Василевский рассчитал, что западные спецслужбы рано или поздно зафиксируют наши контакты с Понтекорво в Италии и Швейцарии, и уже тогда было принято решение о маршрутах его возможного бегства в СССР. В 1950 году, сразу же после ареста Фукса, Понтекорво бежал в СССР через Финляндию. Эта операция нашей разведки успешно блокировала все усилия ФБР и английской контрразведки рас крыть другие источники информации по атомной проблеме, помимо Фукса. По приезде в Союз Понтекорво начал научную работу в ядерном центре под Москвой, в Дубне. Он написал прекрасную автобиографическую книгу, в которой много интересного рассказал о Ферми, но о своих контактах с советской разведкой промолчал.

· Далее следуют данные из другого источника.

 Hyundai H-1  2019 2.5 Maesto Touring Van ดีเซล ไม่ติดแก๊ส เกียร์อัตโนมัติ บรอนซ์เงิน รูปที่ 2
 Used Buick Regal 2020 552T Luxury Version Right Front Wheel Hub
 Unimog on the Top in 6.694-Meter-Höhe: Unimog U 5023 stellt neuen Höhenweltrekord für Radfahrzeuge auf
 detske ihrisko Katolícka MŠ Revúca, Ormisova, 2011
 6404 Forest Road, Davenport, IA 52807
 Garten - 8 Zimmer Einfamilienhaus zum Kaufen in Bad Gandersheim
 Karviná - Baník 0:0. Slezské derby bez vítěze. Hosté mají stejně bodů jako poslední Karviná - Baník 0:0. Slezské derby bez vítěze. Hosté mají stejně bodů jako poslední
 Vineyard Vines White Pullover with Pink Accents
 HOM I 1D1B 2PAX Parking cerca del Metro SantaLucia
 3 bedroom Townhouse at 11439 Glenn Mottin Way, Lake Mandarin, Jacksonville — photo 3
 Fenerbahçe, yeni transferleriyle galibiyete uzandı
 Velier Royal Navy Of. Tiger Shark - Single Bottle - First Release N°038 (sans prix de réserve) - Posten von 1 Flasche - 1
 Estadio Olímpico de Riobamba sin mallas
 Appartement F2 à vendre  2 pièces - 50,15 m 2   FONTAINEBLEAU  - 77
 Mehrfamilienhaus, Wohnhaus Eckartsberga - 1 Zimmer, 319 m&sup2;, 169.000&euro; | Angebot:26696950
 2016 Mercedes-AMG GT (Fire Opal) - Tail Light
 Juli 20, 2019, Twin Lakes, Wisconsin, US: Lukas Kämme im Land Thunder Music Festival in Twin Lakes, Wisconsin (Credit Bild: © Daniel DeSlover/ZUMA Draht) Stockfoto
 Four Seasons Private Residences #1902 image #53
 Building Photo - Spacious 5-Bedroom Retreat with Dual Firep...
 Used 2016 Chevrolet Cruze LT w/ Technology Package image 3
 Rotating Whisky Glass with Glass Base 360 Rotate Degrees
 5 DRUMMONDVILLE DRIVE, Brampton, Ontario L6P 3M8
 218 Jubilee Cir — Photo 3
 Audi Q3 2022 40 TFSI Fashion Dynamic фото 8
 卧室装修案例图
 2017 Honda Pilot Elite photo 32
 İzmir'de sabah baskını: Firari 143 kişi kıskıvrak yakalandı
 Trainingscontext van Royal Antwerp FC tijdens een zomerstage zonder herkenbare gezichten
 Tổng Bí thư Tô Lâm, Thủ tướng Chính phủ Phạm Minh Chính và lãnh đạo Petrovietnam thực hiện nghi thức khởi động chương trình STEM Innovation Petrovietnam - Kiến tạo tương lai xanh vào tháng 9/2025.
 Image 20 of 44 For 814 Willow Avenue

Хотя Василевский был в опале около семи лет -- до 1961 года, он встречался с Понтекорво в 60--70-х годах, приглашал его на обед в ресторан Дома литераторов. В 1968 году, когда я был освобожден из тюрьмы, Василевский предложил и мне встретиться и пообедать с Понтекорво. Но поскольку ресторан находился в сфере постоянного внимания КГБ, а руководители разведки категорически были против встреч Василевского с Понтекорво, я отказался.
В 1970 году я стал членом московского объединения литераторов и регулярно посещал писательский клуб. Там, в ресторане, я и Василевский встретились за обедом с Рамоном Меркадером. Я не люблю привлекать к себе внимание, поэтому попросил, чтобы Рамон не надевал звезду Героя Советского Союза. Но Меркадер и Василевский, наоборот, получали удовольствие, бросая вызов властям своими наградами. Василевский до последних дней своей жизни продолжал писать письма в ЦК КПСС, разоблачая тогдашнего руководителя разведки КГБ генерала Сахаровского, его провалы и ошибки в работе с агентурой.
Правда о деле Розенбергов, уловки ФБР
Супруги Розенберги были привлечены к сотрудничеству с нашей разведкой в 1938 году Овакимяном и Семеновым. По иронии судьбы Розенберги представлены в прессе американцами и нами как ключевые фигуры в атомном шпионаже в пользу СССР. В действительности же их роль была не столь значительна. Они действовали абсолютно вне связи с главными источниками информации по атомной бомбе, которые координировались специальным разведывательным аппаратом.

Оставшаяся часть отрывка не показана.